(Excerpted records begins)

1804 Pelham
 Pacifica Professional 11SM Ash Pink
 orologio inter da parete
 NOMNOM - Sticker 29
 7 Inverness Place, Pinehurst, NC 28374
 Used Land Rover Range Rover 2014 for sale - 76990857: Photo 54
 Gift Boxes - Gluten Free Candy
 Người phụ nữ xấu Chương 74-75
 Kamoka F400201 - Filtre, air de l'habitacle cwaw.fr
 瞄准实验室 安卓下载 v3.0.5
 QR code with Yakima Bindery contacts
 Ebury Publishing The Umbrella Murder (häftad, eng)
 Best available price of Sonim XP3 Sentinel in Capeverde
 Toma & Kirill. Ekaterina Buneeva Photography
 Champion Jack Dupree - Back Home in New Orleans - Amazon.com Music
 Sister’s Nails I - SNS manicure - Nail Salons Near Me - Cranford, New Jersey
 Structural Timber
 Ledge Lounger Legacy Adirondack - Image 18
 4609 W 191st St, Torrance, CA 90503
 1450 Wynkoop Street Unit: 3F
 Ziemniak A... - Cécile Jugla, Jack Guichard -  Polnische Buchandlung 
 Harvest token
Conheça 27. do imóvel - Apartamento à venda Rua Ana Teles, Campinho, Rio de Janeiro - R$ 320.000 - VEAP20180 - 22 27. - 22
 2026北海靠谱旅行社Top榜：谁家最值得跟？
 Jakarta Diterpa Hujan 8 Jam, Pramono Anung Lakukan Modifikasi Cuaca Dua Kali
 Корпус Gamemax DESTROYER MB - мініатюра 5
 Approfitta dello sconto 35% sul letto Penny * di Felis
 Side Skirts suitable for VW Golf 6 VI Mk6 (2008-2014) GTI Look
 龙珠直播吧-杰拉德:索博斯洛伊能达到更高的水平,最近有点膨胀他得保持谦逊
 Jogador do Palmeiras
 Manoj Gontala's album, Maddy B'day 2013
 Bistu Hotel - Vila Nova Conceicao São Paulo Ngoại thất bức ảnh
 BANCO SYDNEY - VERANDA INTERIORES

(Excerpted records ends)

> _Problem to solve_
Looking at the data above, write out exactly the lines that start at the one containing "Ziemniak A... - Cécile" and end at the one containing "2026北海靠谱旅行社Top榜：谁家最值得跟？"; include both and nothing beyond.

> _Output of the task_
 Ziemniak A... - Cécile Jugla, Jack Guichard -  Polnische Buchandlung 
 Harvest token
Conheça 27. do imóvel - Apartamento à venda Rua Ana Teles, Campinho, Rio de Janeiro - R$ 320.000 - VEAP20180 - 22 27. - 22
 2026北海靠谱旅行社Top榜：谁家最值得跟？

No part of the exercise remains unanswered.